*** Exercise data Section Begins ***
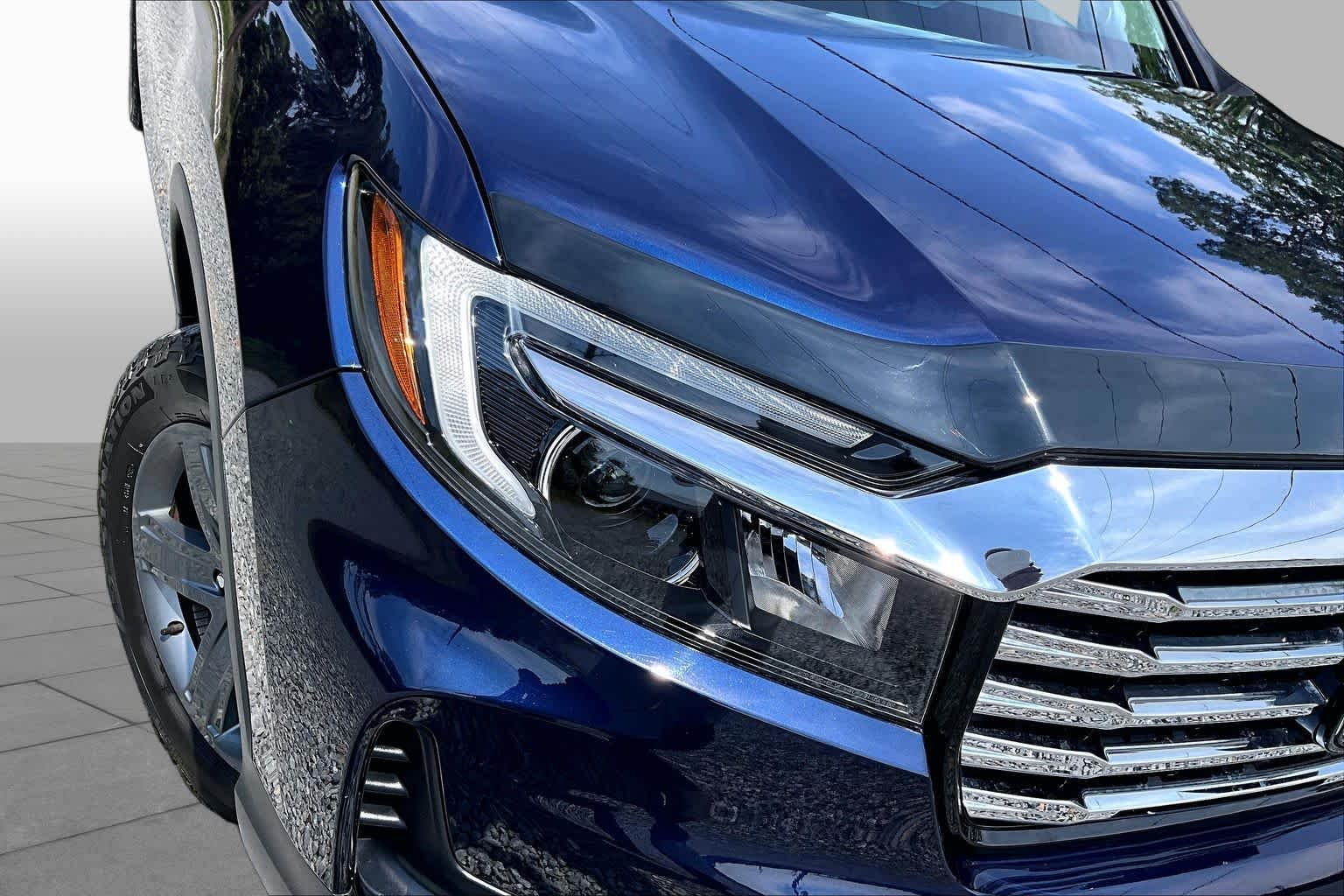 Used 2022 Obsidian Blue Pearl Honda RTL-E image 28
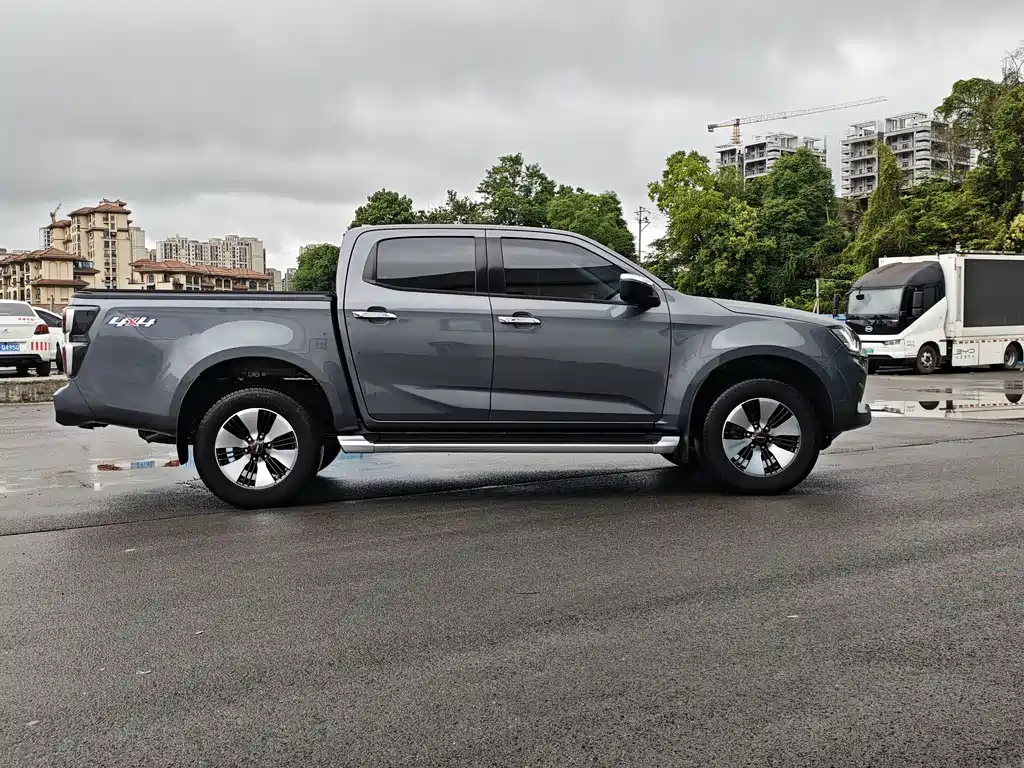 Isuzu D-MAX 2023 — фото 8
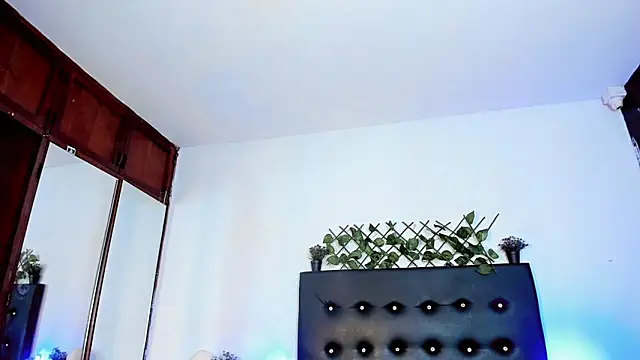 JERO_TEASE_S7S webcam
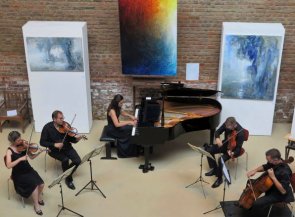 Das Antares Quartett mit (v.l.) Elisa und Robert Wittbrodt, Axel Steinkamp sowie Tobias Wollgarten begeisterte mit Gabriela Pullen am Klavier das Publikum. (Foto: Gemeinde Wachtberg/mm)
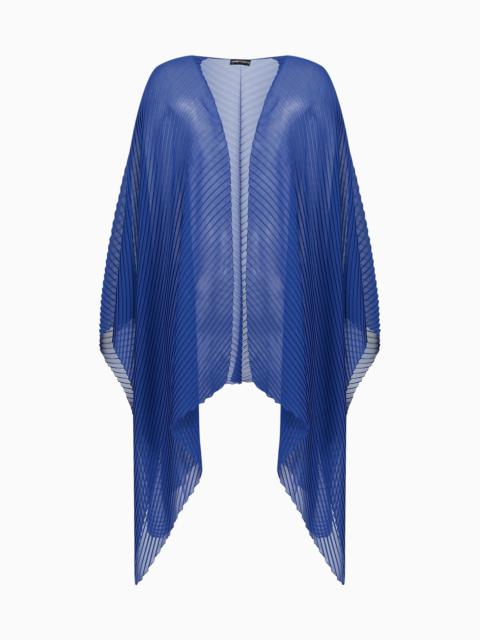 Cape in pleated fabric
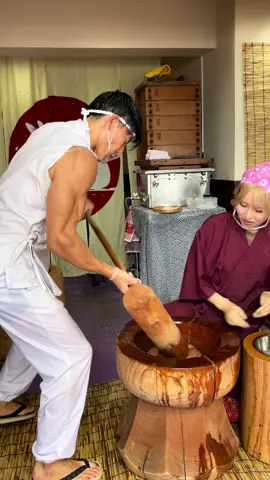 How to make mochi in Japan 🇯🇵 #mochi #japan #kyoto 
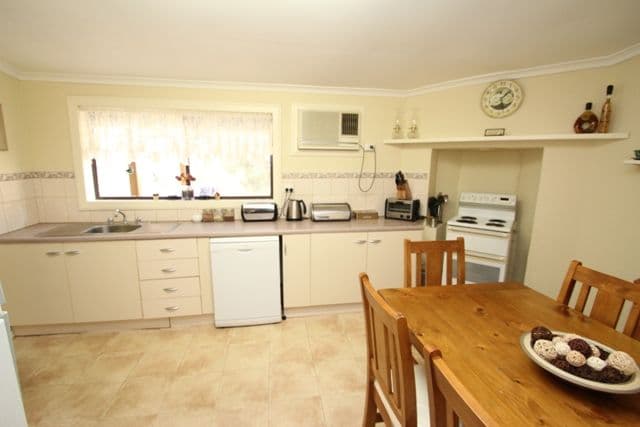 2 Warenda Road, CLARE SA 5453, Clare - Thumbnail 3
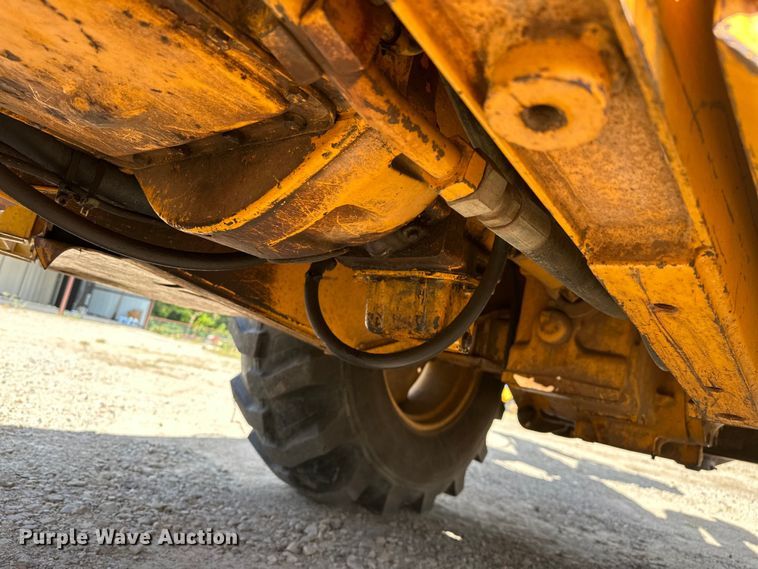 image for item EJ4368 1992 John Deere  310D backhoe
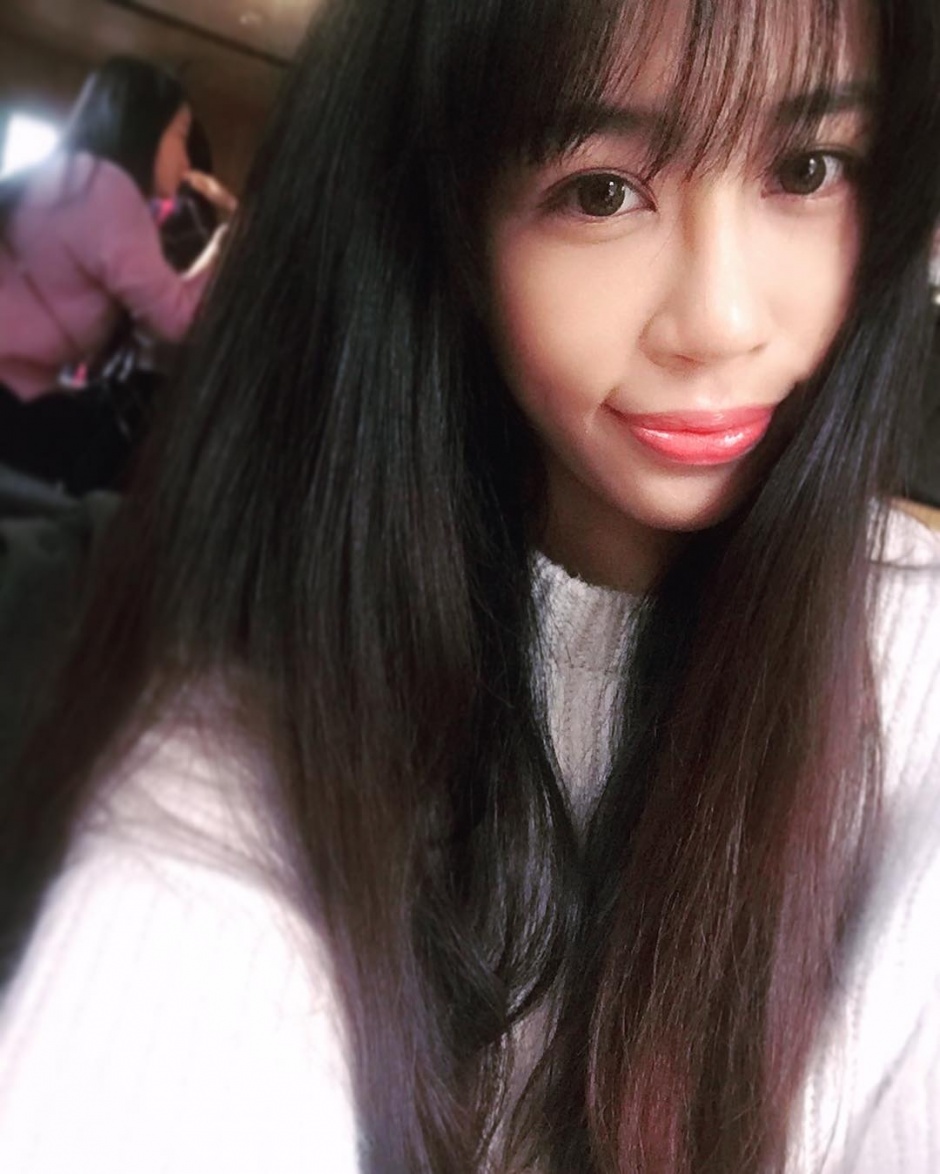 中韩混血美女权贞妍私拍图片集锦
*** Exercise data Section Ends ***
◆ What to work on ◆
The copy should hold, exactly, the lines from the one containing "Isuzu D-MAX 2023 — фото 8" to the final line of the listing above, with both ends present and no pictures.

◆ Worked solution ◆
 Isuzu D-MAX 2023 — фото 8
 JERO_TEASE_S7S webcam
 Das Antares Quartett mit (v.l.) Elisa und Robert Wittbrodt, Axel Steinkamp sowie Tobias Wollgarten begeisterte mit Gabriela Pullen am Klavier das Publikum. (Foto: Gemeinde Wachtberg/mm)
 Cape in pleated fabric
 How to make mochi in Japan 🇯🇵 #mochi #japan #kyoto 
 2 Warenda Road, CLARE SA 5453, Clare - Thumbnail 3
 image for item EJ4368 1992 John Deere  310D backhoe
 中韩混血美女权贞妍私拍图片集锦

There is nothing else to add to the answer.